研究紹介
本研究室が目指すもの
本研究室では、脳型知能を実現する学習アルゴリズムの開発と学習理論の研究に取り組んでいます。これらを通して知能の原理を発見することが目標です。
人工知能や知能ロボットを自動車や飛行機に例えるなら、それらを動かす「知能のエンジン」を作ることが本研究室の目標です。たくさんの経験やデータを統合し、普遍的な知識を発見するアルゴリズム開発を通して、「知能ってなんだろう?」という問に答えたいと思っています。 応用面では人工知能やビッグデータ解析などさまざまな分野への利用が考えられます。中でも人間同士のコミュニケーション解析は中心的に取り組んでいきたいテーマです。また科学面では、学習理論の究明を通して、脳・神経科学や認知科学との接点を探っていきます。

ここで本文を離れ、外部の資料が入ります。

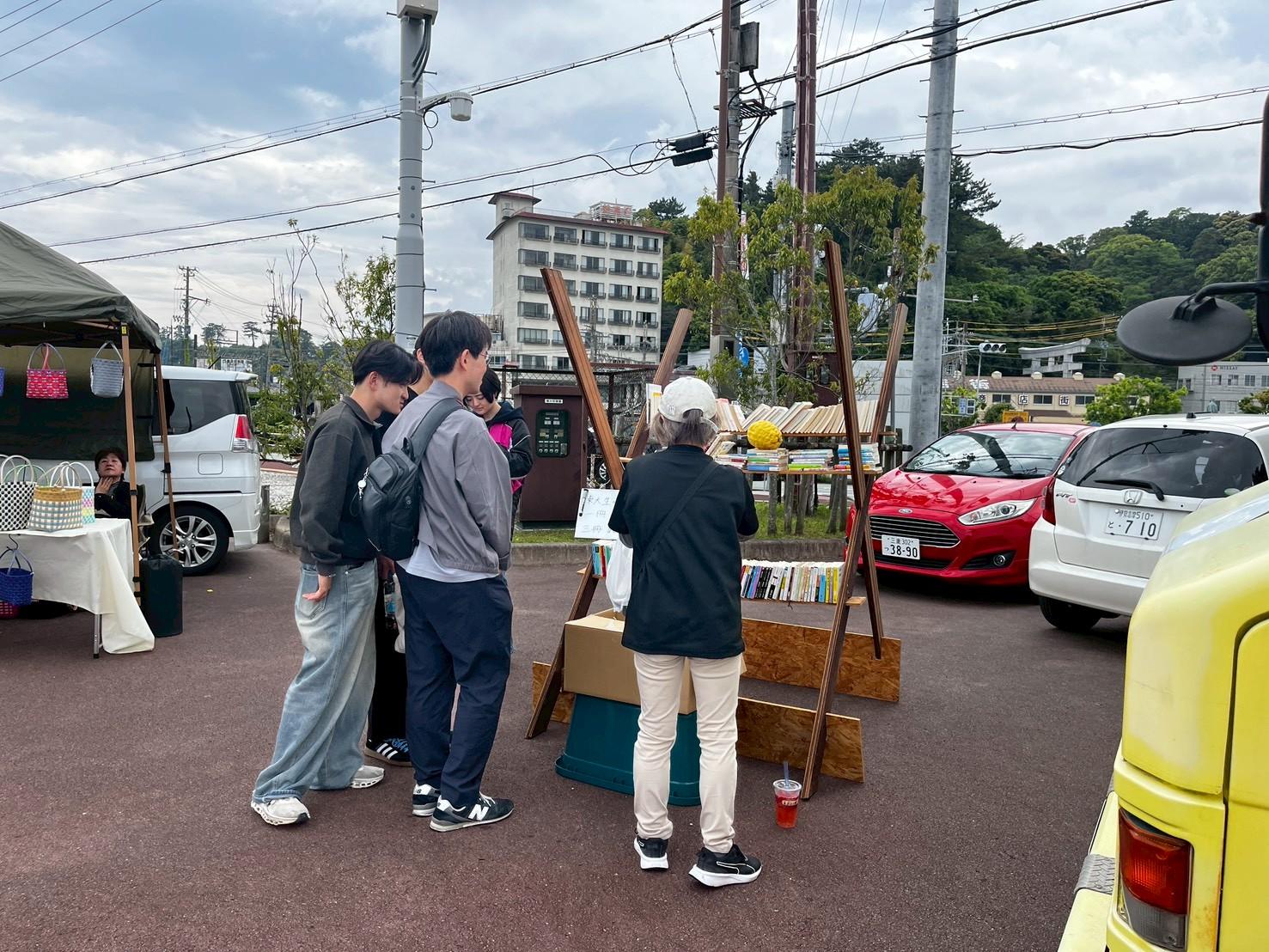 古材で作った販売ブースを使って古本市を運営する学生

本研究室ではニューラルネットおよび統計的機械学習をベースにしつつ,高次の知識獲得を実現する学習アルゴリズムの開発と学習理論の研究を行っています.特に非線形テンソルモデリングやマルチタスク学習、メタ学習などのアルゴリズム開発とその応用を中心的に取り組んでいます.これらの成果を実応用につなげつつ,認知科学や脳科学との橋渡しをめざします.
現在取り組んでいる研究テーマ
1. 学習原理の数理的究明
◆多様体モデリング
データ分布は固有の《かたち》を持っています。
その《かたち》を「多様体」としてモデリングします。
データの《かたち》から、データに潜む《本質》を見つけます。
多様体モデリングはデータから知識を発見する基盤となる学習原理と考えています。
◆マルチ多様体モデリングによるメタ学習
さまざまなデータ集合を同時に学習することで、普遍的なルールを発見し、同時にデータそれぞれの個性も見つけます。
たとえば、さまざまな人の顔画像を多様体モデリングすることで、表情やポーズの普遍的なルールと、ひとりひとりの個性を見つけられます
その基礎は、データとモデルの対話による「隠れた本質」の推定です。
fig:メタ多様体モデリングの数理
◆マルチタスク学習・メタモデリングの数理
複数のデータを同時に学習することで普遍的ルール(メタモデル)を発見する計算原理の研究もしています。
2. 知能の数理モデル研究
知能を実現するための数理モデル研究に取り組んでいます。
◆視点推定の数理モデル
データから観測した人の視点を推定したり,さらに自分の視点を推定する数理モデルの研究もしています。
◆アクティブラーニングの学習原理
データをみずから探しに行く「アクティブラーニング」は,AIにとっての好奇心とも言える学習原理です。
3. 人間の知的活動の数理モデリング
◆チームデータのモデリングとチーム編成支援
メンバー構成とチームのパフォーマンスの関係をモデリングし,チームのデータを解析し,チームの編成支援をします。
バスケットボールチームのデータに応用しました。
メンバーとチームの関係をモデリングしてメンバー編成支援をします。
◆ファッションデータの解析とコーディネート検索・推薦
ファッションも人間の興味深い知的活動のひとつです。
SNSに投稿されたコーディネート写真のデータをモデリングし,コーディネートの検索や推薦をするシステム開発の研究に取り組んでいます。
fig:コーディネートの視覚的探索システム
◆感性を扱うデータ解析
ファッションだけでなく,風景画像を用いて人間の感性データを解析する研究も取り組みました。
ひとりひとり違う感性を解析し,自動車デザインの分析に応用しました。
◆文書データやコミュニケーションデータのモデリングと可視化
たくさんの文書や,ネットワーク上のコミュニケーションデータをモデリングし,どんなトピックがどんな人間関係の中でやり取りされているかをモデリングしたり,可視化したりします。
fig:単語・文書の同時解析
文書のトピックを可視化します。
fig:電子メール解析による役割の発見
ネットワーク上の人間関係解析,幼児の行動モデリングにも取り組んでいます。